David Feldman referenced in an article from the The PIPEs Report about the SEC's new approval of proposed Rule 144 amendments on November 20th, 2007
SEC Smiles on PIPE Hedge Investors:
Extension of Restricted Selling for Hedged Shares Dumped
By Joe Gose
Posted 11/20/07
The Securities and Exchange Commission, considered among many PIPE players as a regular bearer of turkeys, last Thursday scooped out some gravy instead. The commission approved Rule 144 amendments that will shorten the holding period for investors who own restricted shares in reporting companies to six months from one year  one of the biggest pro-PIPE changes to occur in years. But in a surprising move, the SEC also abandoned the contentious idea of resurrecting the tolling provision.

That provision, eliminated from Rule 144 in 1990, would have extended the holding period for up to an additional six months for non-affiliate investors who sold short an issuer or engaged in other hedging activities while holding that same issuer's restricted shares. The holding period would have been extended for the amount of time hedging strategies were in place, up to six months.

Hedging proponents roundly criticized the proposal, citing lack of evidence that hedging had led to abuse in the context of Rule 144> Commenters also declared that the provision would make hedging more expensive, be hard to police, and make the U.S. derivatives market less competitive. At the hearing to consider adoption of the proposal last week, SEC staffers acknowledged they were persuaded by those comments, though they promised to monitor hedging activities of restricted security holders and to revisit the issue as needed.

"The comment process can work," said David Feldman, a partner with the New York law firm of Feldman Weinstein & Smith, who, along with other PIPE experts, has supported most of the Rule 144 amendments. "There was a drum-beat of opposition to the tolling provision from a lot of different quarters," Feldman said. "PIPE players are now free to hedge and short all they want, and they still can get out in six months.

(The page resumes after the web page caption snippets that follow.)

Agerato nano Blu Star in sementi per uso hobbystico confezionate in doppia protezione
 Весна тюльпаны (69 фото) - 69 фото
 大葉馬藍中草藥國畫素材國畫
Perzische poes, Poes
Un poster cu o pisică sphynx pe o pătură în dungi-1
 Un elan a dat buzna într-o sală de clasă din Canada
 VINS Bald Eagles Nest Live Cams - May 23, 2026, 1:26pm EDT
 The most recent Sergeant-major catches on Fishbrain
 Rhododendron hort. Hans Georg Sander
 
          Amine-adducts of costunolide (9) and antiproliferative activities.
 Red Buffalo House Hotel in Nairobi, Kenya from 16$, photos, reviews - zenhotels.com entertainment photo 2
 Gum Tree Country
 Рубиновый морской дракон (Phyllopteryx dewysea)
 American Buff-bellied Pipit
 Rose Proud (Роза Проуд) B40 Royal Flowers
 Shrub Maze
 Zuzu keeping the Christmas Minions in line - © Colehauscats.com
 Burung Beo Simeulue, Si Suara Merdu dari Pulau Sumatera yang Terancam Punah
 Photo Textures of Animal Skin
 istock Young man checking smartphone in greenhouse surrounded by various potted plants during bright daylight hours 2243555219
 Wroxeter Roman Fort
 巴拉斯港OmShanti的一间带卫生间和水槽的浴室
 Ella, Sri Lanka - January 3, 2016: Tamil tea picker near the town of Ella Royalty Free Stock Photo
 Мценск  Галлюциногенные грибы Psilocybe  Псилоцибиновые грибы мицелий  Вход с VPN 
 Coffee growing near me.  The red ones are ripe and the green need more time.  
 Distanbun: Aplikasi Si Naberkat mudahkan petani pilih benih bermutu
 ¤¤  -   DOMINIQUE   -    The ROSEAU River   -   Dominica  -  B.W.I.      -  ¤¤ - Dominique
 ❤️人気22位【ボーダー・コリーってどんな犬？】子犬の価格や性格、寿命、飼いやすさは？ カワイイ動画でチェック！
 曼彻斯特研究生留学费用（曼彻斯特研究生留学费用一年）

That's huge." Still, a helping of uncertainty surrounds certain of Rule 144's minutiae. While the new Rule 144 amendment will become effective 60 days after publication in the Federal Register, commission staffers didn't discuss whether final rules would be retroactive. That would allow investors who have held restricted securities for at least six months prior to the effective date to sell them. After the meeting, SEC officials, through a spokesman, declined to say whether the final release would specifically address retroactivity, but the spokesman suggested that the subject may be open to interpretation once the rule becomes effective. The vote last week marks the first step in what PIPE experts anticipate will be a significant restructuring of the PIPE market in coming months. The commission last May introduced several proposals crucial to PIPEs, and it is expected to hold hearings and vote on remaining amendments, which include expanding Form S-3 eligibility and Regulation D revisions, by the end of the year. In addition to shortening the holding period for investors, the new Rule 144 will eliminate volume and manner-of-sale restrictions for non-affiliates  those limitations expired after two years under current rules. Affiliates, however, will still be subject to volume and manner-of-sale restrictions, but the sales threshold that will trigger a Form 144 filing will increase to 5,000 shares (an increase from the original proposal of 1,000 shares) or $50,000, up from 500 shares or $10,000. Plus, although not in the original proposal, the SEC will relax the Rule 144(e) volume limitations for debt securities by adding a new alternative test that will allow the resale of up to 10% of a tranche in any three-month period.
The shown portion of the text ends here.